Survey yang dilakukan oleh BNPT menggunakan kombinasi metode kualitatif dan kuantitatif dengan rentang waktu antara bulan April – September 2018 di 32 provinsi se-Indonesia. Metode kualitatif dilaksanakan dalam bentuk diskusi terpumpun yang menghadirkan perwakilan pemerintah daerah, tokoh adat, agama, pendidikan, dan elemen pemuda di setiap provinsi.
Baca juga : Penanganan Napi Kasus Terorisme Berbeda dengan Kasus Kriminal Lainnya
“Sementara untuk kuantitatif dilakukan dengan penyebaran kuesioner ke 450 responden di setiap provinsi. Total responden yang dipakai adalah 14.400 orang, terdiri dari mahasiswa PTKN dan PTUN, dosen, siswa SMA dan MAN,” jelas Suhardi.
Di kesempatan ini Suhardi mengungkapkan, yang dimaksud kearifan lokal bukan seni dan budaya saja. Terdapat 4 bentuk kearifan lokal, yaitu tutur lisan, tata ruang, norma sosial, dan seni kebudayaan. Jadi jumlah responden yang ada, 63,60% menyatakan kearifan lokal masih relevan sebagai sarana pencegahan terorisme.
“Kearifan lokal masih relevan untuk pencegahan, tapi masalahnya di daerah tak ada lagi dokumen yang utuh tentang apa itu kearifan lokal. Akibatnya, tiga puluh koma nol sembilan responden memiliki pengetahuan yang kurang tentang apa itu kearifan lokal,” jelas Suhardi.

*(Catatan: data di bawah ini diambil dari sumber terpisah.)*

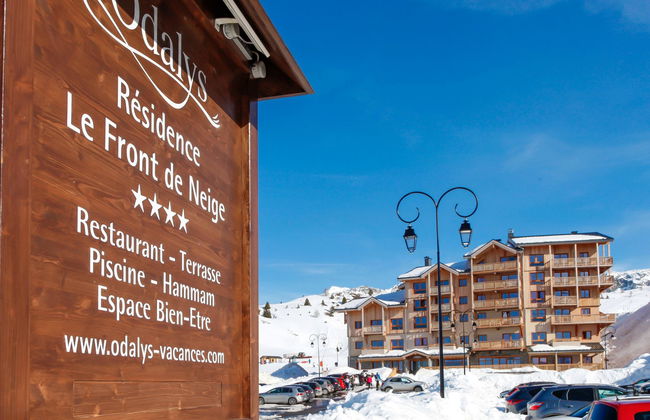 Odalys Référence Front de Neige - Foto 39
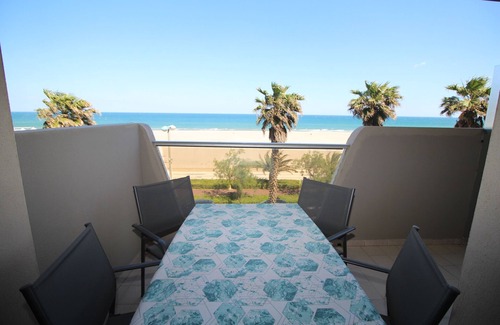 Le Grand Large Apartamento | Appartment with sea view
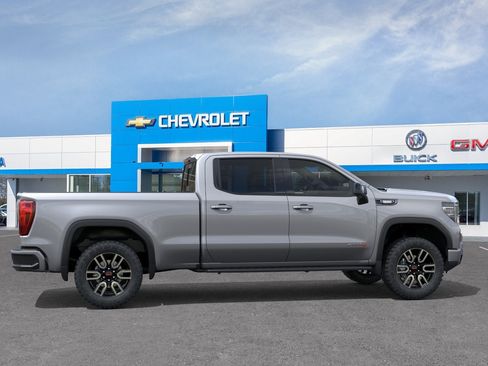 New 2026 GMC Sierra 1500 AT4 w/ AT4 Premium Package AWD/4WD image 38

Kondisi tersebut, masih kata Suhardi, terjadi antara lain terjadi karena kurangnya sosialisasi kearifan lokal, khususnya di kalangan milenial. 28,33% responden mengakui hal tersebut. “Ditambah lagi faktor menurunnya interaktif antarmasyarakat karena efek dari kemajuan teknologi, faktor penetrasi media sosial yang demikian kuat,” tegasnya.

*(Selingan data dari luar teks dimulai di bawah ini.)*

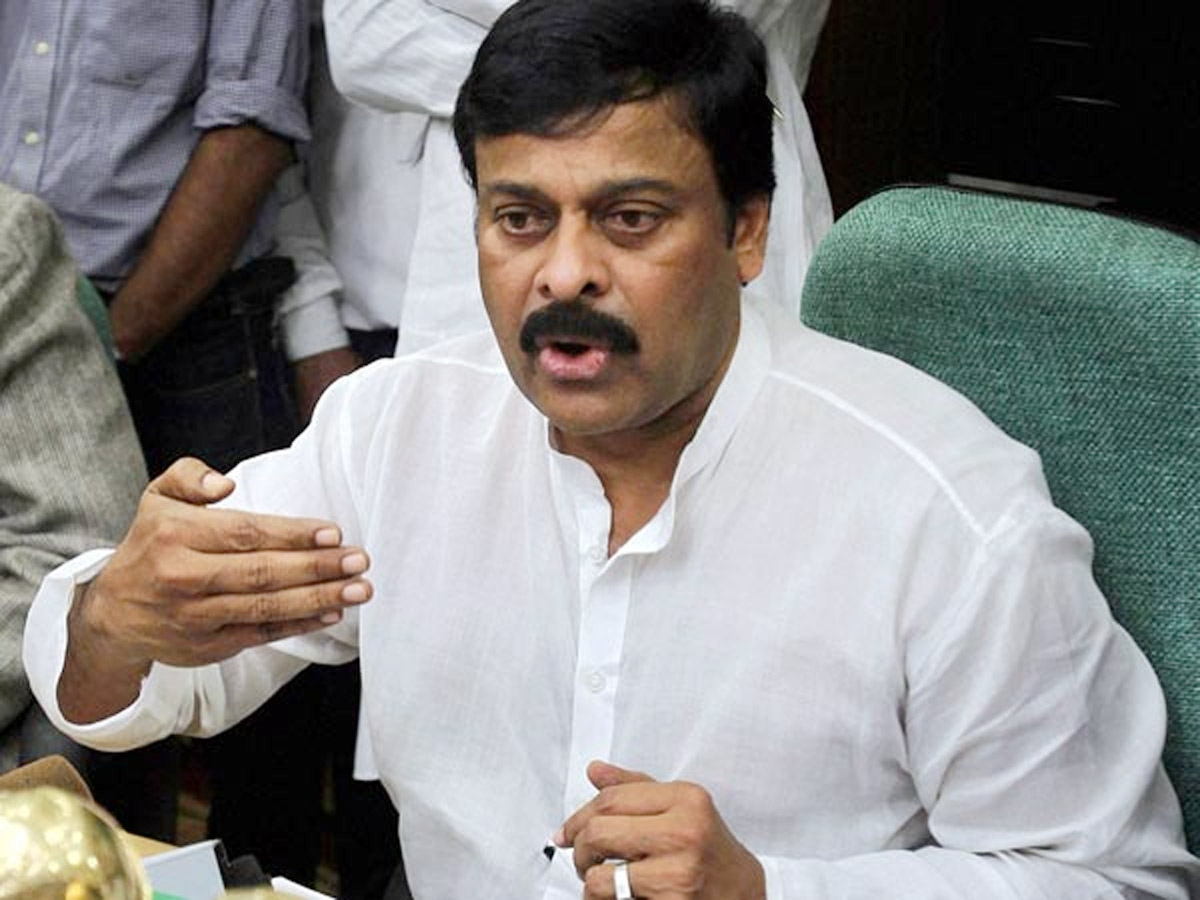 Padma Vibhushan Chiranjeevi: Magnanimous and Marvellous Mega Star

Dengan catatan tersebut, Suhardi mengungkapkan, pihaknya mendorong pemerintah daerah untuk melakukan transformasi dekonstruktif terhadap kearifan lokal. Ada 4 langkah yang direkomendasikan, yaitu inventarisir ulang kearifan lokal, pendeviniaian ulang, reformulasi, dan transfer of knoledge tentang apa itu kearifan lokal.
“Tapi harus diingat, semuanya dilakukan dengan pendekatan era milenial. Definisikan dan formulasikan ulang apa itu kearifan lokal dengan gerakan yang mudah diterima generasi milenial, sehingga mereka lebih teratrik dan tak lagi lari kepada media sosial saja untuk aktifitas sehari-harinyam” pungkas Suhardi. [shk/shk]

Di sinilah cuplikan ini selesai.